Institute of Genetics and Cancer

Understanding cell state transitions might aid therapeutic developments

Edinburgh researchers contributed to a study describing a novel approach for mapping cell states, modelling cell state transitions and predicting targeted interventions to convert cell fate decisions: September 2022

cSTAR methodology used for separation of proliferation and differentiation signalling patterns in neuroblastoma cells.
cSTAR methodology used for separation of proliferation and differentiation signalling patterns in neuroblastoma cells. For details see Rukhlenko et al. Nature 609, 975–985, 2022.

Our bodies consist of trillions of cells and, at any given point in time, every cell exists in a certain configuration known as cell state. It is comprised of certain molecules and it is expressing certain genes. Its genome, proteins, lipids and other building blocks are chemically and spatially configured in a specific way.

Cells change their state over time. They are in a constant flux as they perform their functions and respond to external stimuli. Certain undesired cell states might lead to diseases such as neurodegenerative disorders or cancer. Even within a single tumour there are cells in different states, which often results in various degrees of aggressiveness and different sensitivity to therapeutics.

It is estimated that a simple cell can contain as many as 42 million individual protein molecules belonging to more than 10,000 different kinds of proteins. Many proteins can also undergo processing events that change their properties by proteolytic cleavage and/or adding a modifying group, such as phosphoryl, acetyl, glycosyl, methyl, or other, to one or more amino acids. These changes, collectively known as post-translational modifications, further increase biochemical complexity of cellular environment making it very difficult to analyse. The situation is similarly complex for other major building blocks of the cell like nucleic acids and lipids. This complexity likely represents the biggest challenge biomedical researchers face in trying to understand how our cells and bodies function.
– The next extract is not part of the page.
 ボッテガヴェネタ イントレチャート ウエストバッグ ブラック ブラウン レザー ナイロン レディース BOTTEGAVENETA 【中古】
Nonetheless, over the years, scientists have developed multiple sophisticated technologies (often described as “omics” technologies, e.g. genomics, transcriptomics, lipidomics, proteomics, metabolomics etc.), that enable collective characterisation and quantification of pools of biological molecules. These technologies provide unprecedented insights into the structure, function, and dynamics of the cell. However, they generate huge amounts of data that are almost impossible for humans to analyse and interpret without the help of computers. Consequently, there is an urgent need to develop mathematical models and computer algorithms that could help us to explore the vast amount of data generated. This should help us better understand multiple diseases and develop more effective treatments for them.   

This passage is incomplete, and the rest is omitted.